WHAT TO DO:
Search the records for the string "with", then copy each line where it appears.

[Short text fragments from websites]
# # #
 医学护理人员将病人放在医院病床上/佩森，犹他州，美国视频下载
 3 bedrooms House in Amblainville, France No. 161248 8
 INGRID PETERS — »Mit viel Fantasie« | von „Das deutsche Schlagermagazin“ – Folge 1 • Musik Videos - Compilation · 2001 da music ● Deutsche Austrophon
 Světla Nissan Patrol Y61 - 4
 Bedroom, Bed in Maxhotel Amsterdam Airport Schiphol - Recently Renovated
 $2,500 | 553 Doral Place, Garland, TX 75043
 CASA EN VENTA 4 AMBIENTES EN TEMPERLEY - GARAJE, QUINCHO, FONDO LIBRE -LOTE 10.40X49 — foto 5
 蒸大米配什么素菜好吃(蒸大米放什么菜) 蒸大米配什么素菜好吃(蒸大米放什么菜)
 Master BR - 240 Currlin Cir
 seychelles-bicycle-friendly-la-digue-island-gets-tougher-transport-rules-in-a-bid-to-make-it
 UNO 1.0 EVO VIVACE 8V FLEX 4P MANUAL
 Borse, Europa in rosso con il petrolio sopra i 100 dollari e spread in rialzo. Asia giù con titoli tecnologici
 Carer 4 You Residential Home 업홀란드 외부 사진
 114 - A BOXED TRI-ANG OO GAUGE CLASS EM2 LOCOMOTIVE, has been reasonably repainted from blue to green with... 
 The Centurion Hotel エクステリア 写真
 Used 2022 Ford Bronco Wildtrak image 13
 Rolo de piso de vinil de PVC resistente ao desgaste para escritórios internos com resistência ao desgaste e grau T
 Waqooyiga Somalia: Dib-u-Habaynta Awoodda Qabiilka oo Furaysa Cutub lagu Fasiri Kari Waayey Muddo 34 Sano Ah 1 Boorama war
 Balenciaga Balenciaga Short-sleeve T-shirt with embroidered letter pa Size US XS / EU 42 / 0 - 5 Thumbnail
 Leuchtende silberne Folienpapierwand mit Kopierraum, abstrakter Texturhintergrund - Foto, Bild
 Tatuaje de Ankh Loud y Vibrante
# # #
WORKED SOLUTION:
 114 - A BOXED TRI-ANG OO GAUGE CLASS EM2 LOCOMOTIVE, has been reasonably repainted from blue to green with... 
 Balenciaga Balenciaga Short-sleeve T-shirt with embroidered letter pa Size US XS / EU 42 / 0 - 5 Thumbnail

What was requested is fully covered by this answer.